Operation Spanish Jamon
“Mind the gap.” The London tube loudspeaker reminds passengers when entering and exiting the train that only a few inches separate those who keep their limbs and those who do not. If only it were this dramatic; it just appears to be a daunting task as we prepare to exit at London Heathrow and board a 10-hour flight back to Los Angeles. Two weeks of European sightseeing, gluttony, beer tasting, and sleep deprivation have left us running on steam. Besides a well-tested liver, I can count my shaved-down suitcase wheel (that now resembles a nub) as another battle scar. Oh the drama … poor me.
Ok, ok fine. It was a fantastic journey through beaches, an intricate maze of city alleys, 700-year-old landmarks, and legendary football (soccer in American jargon) stadiums. Our first stop was Barcelona.
British Airways might not be up on the times with this incredible concept of Wi-Fi on a plane, but our counter attack was to know the right folks in high places (thanks Kristine!). An upgrade to business class awaited us at LAX along with disgruntled boarding passengers eyeing our good fortune.
“Champagne, Mr. Christian?”
“Well, don’t mind if I do. Thank you, good sir!”
Ten hours later, we were in London for a three-hour layover then a connection to Barcelona, my first Guinness, and the first of several travel errors on the journey (more on that later).
London’s Heathrow Airport is a large and very busy airport. If you have a connecting flight here, make sure you have plenty of time in between connections. Security lines were incredibly long, and security officials are not interested in what time your next flight leaves (at least that was my experience). Unlike departure gates in the United States, gates at Heathrow are not always pre-determined. There is a main sitting area, and you will be notified when and where your flight is boarding.
Since we all had mobile phones with US carriers, Wi-Fi would prove to be our most valuable asset. Heathrow allowed 45 minutes free on your mobile device or laptop.
Travel Error: Not getting a SIM card with prepaid minutes and data.
I had every intention of doing this and even had my iPhone unlocked for this purpose. After passing a couple of SIM card vending machines in Heathrow, I thought maybe I did not need it and we could get by with Wi-Fi on the trip. I mean, whom do I need to call anyway? Error. Grave error. By the time we reached the Barcelona airport, there were no SIM cards to be had and we were unable to contact the manager of the apartment we were renting. We emailed, but a phone call was necessary. Two college graduates then spent a full 20 minutes on a pay phone to figure out how to call him. We even had an audience of Spaniards drinking beer watching dos Americanos estupidos tackle this feat. The pressure was on, but we persevered and eventually completed the mission.
Throughout the trip we used Airbnb to rent apartments. If you are unaware, this is a fantastic service where locals in major cities around the world rent out their apartments to travelers. In many cases, it is cheaper than a hotel and of course much bigger. We each had our own room as well as two bathrooms, a large kitchen, a living room, and a washer/dryer.
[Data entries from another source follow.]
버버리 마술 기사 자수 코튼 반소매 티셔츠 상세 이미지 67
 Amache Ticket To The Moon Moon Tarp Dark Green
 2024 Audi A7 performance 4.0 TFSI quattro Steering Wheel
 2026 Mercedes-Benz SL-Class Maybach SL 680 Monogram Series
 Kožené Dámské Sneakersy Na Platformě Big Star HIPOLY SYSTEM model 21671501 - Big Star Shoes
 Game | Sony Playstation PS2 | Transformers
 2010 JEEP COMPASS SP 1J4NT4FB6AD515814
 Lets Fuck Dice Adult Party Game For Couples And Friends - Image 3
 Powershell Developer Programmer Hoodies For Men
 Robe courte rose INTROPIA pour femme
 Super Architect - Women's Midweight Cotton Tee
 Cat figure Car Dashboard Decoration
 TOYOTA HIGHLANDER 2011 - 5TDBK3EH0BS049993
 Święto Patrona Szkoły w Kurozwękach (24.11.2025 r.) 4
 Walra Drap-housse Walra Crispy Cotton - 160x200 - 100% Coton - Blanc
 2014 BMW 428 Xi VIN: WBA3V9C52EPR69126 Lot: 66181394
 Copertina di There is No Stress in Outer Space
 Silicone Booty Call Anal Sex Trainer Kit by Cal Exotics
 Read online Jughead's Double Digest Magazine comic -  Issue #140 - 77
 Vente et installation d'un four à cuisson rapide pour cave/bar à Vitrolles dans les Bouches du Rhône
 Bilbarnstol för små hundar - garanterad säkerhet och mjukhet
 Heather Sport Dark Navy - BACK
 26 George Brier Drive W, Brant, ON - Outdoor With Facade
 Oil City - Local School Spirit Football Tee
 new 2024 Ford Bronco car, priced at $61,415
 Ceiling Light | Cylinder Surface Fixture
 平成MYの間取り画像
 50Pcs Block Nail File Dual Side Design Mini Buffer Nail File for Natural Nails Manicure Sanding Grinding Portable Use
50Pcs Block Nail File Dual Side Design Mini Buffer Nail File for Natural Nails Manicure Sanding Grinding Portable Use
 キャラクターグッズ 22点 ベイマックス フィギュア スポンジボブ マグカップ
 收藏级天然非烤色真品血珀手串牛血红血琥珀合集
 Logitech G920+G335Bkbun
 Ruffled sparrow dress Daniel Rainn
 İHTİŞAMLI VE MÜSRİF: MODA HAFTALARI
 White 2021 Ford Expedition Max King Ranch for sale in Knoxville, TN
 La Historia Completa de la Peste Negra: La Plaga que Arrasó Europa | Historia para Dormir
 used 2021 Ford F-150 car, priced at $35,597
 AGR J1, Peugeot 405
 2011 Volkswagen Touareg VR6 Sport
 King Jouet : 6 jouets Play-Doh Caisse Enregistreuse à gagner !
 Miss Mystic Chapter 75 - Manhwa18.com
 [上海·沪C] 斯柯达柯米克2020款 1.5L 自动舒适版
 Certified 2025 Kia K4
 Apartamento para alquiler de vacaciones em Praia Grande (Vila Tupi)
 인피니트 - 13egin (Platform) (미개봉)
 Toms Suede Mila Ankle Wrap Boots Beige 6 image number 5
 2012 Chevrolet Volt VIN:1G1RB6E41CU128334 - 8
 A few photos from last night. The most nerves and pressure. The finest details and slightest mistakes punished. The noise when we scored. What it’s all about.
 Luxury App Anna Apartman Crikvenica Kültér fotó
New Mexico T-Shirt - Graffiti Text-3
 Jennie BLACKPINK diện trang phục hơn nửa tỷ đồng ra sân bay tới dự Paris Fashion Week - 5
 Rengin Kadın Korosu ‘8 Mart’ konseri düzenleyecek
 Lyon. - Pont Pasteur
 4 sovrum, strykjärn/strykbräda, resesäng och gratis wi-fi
Our apartment was located in the El Born district of Barcelona. El Born is a mix of tourist feel and local influence. We were close to many bars and restaurants and a block away from the Picasso Museum, which has a great collection of the artist’s works. We also had the Metro just down the street but never used it. There is nothing nicer than walking around Barcelona and discovering hidden coffee shops, bars, and restaurants in the maze of alleys throughout the city.
Our first full day required a trip to Barceloneta Beach. The weather in Barcelona is nothing short of perfect, and there was not much space on the sand to be had—or many fully clothed beach goers. Yes, areas of the beach had the semi-nude and fully nude. That is all on that subject.
After walking for quite a bit the first day, we realized the best bet to see the city is the hop-on hop-off bus tour. We found this to be an excellent and thorough tour of the entire city. For 23 euros, you could ride all day and use multiple bus lines. Of course, the benefit is you can get off at any stop and explore further on your own.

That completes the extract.